The look of London's streets

Using machine learning to map the visual desirability of city streets


There is a pressing need for data-driven approaches in urban design. This project is addressing this need by looking at using machine learning to evaluate the visual appeal of streets. The output aims to deepen our understanding of cities and to identify salient visual features of the built environment that influence an individual’s preferences.


Try out the app

Try out the app and see if your visual preferences for city streets match what the machine learning model thinks.

Having trouble using the app? Try the full web version here.

Explaining the science

The project has created a map that illustrates the latent visual appeal of neighborhoods across Greater London. Using a semi-interpretable model the project researchers are able to extract the marginal effects of the visual appeal of the urban environment on house prices. The visual preference varies from positive (green) through to negative (red).

The project proposes a novel approach to house pricing that leverages visual knowledge of the urban environment to improve predictive power. As the researchers do not have expert annotations of the visual preference of the urban environment, they have learnt feature extractors from Google Street View and satellite imagery by training an end-to-end machine learning model, while controlling for the contribution of the individual housing attributes.

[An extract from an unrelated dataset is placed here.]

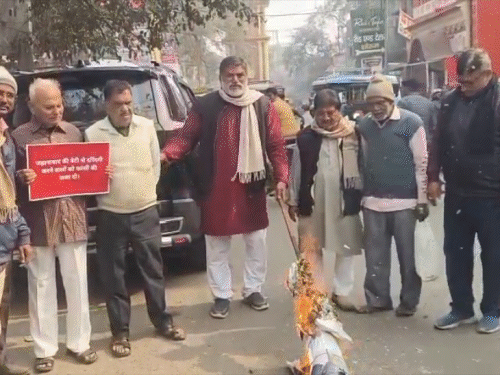 NEET छात्रा की मौत, पटना सहित जहानाबाद-बेगुसराय में प्रदर्शन:पप्पू यादव बोले- पुलिस ने मनीष को क्यों रिमांड पर नहीं लिया,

As well as improving the accuracy of standard models, these visual proxies can be interpreted as different levels of visual preferences. By comparing the visual proxy extracted from the revealed preference model and the stated preference collected from the survey, it's possible to identify where the algorithm breaks and thus motivating it to improving the model.

Project aims

The objective of the web-app is to better understand people's individual visual preferences and to engage with the public on the uses of machine learning. The web-app allows people to rate the visual desirability of a random street, followed with a comparison of how the machine learning model rated the streets. The user can then provide feedback as to whether or not the model's ratings make sense.

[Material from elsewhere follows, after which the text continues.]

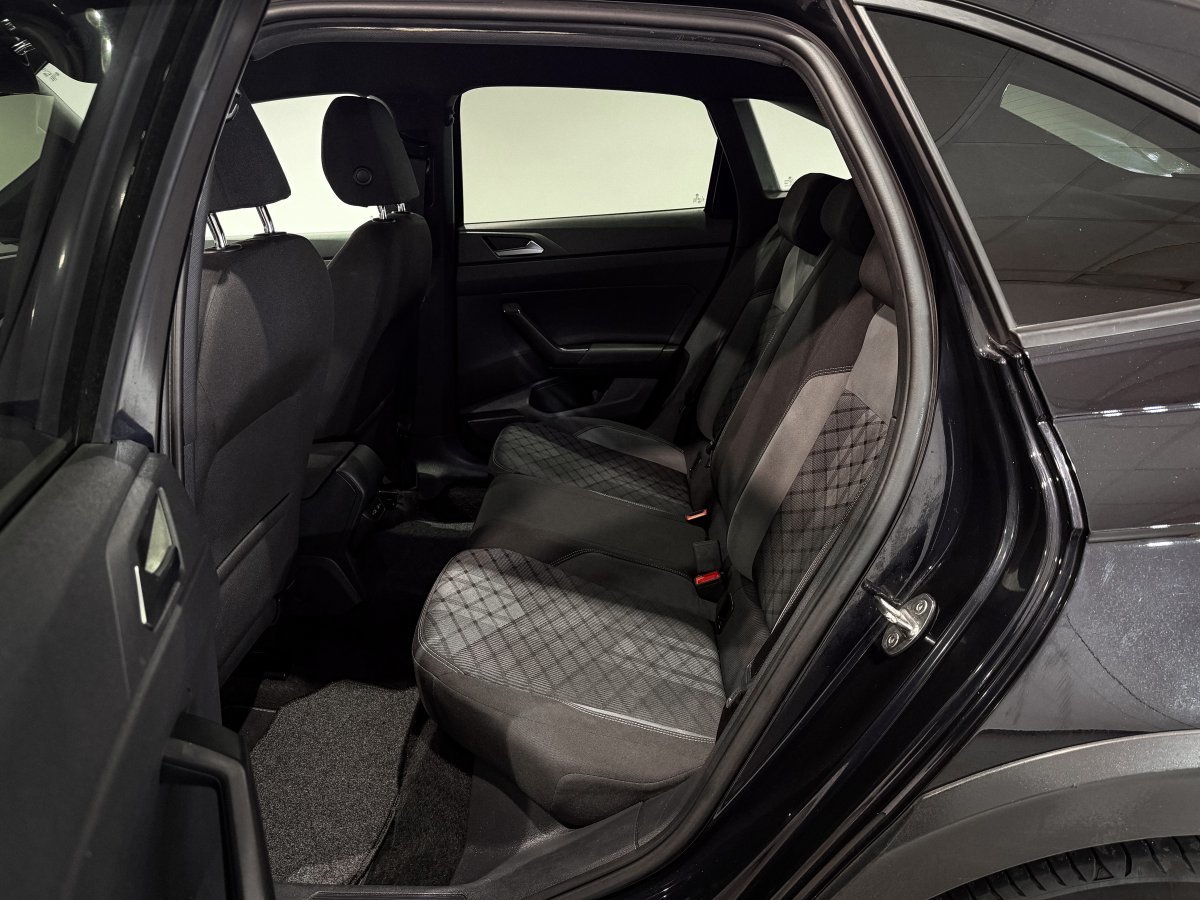 Foto Volkswagen Taigo 11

By comparing the visual proxy extracted from the revealed preference model and its stated preferences, it will be possible to help the public to better understand both the capabilities and limitations of these machine learning models. The result can also help to give more reliable estimation on individual visual preferences of the built environment.


There are three important uses of such models:

The first lies in accurately predicting house prices as a guide for realtors and for people looking to put their house on the market; for such individuals, accurate pricing is the most important criteria, where the inclusion of visual preferences can improve accuracy.

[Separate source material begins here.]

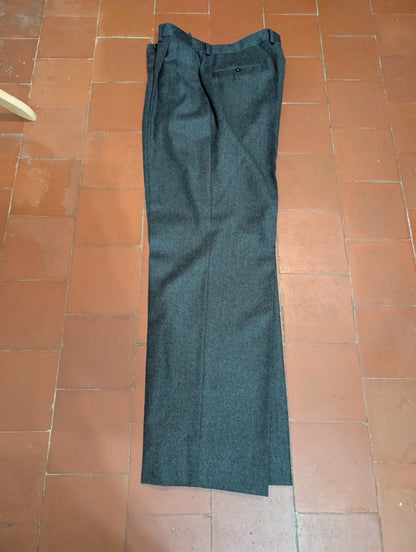 Élégant costume gris en flanelle lourde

The second use of these models lies in econometrics; as well as improving the accuracy of standard models, these visual proxies will be of interest to economists on estimating the willingness to pay for different levels of visual preference.

The third use of these models lies in urban planning. The implication is that these models can be used to improve the visual quality of streets and neighborhoods through the implementation of local housing policy. For example, this tool could be developed to identify potential hot spots for regeneration, for example there may be one ‘red’ street (less appealing) in amidst a 'green' (more appealing) area. Why is that? What are the problems there?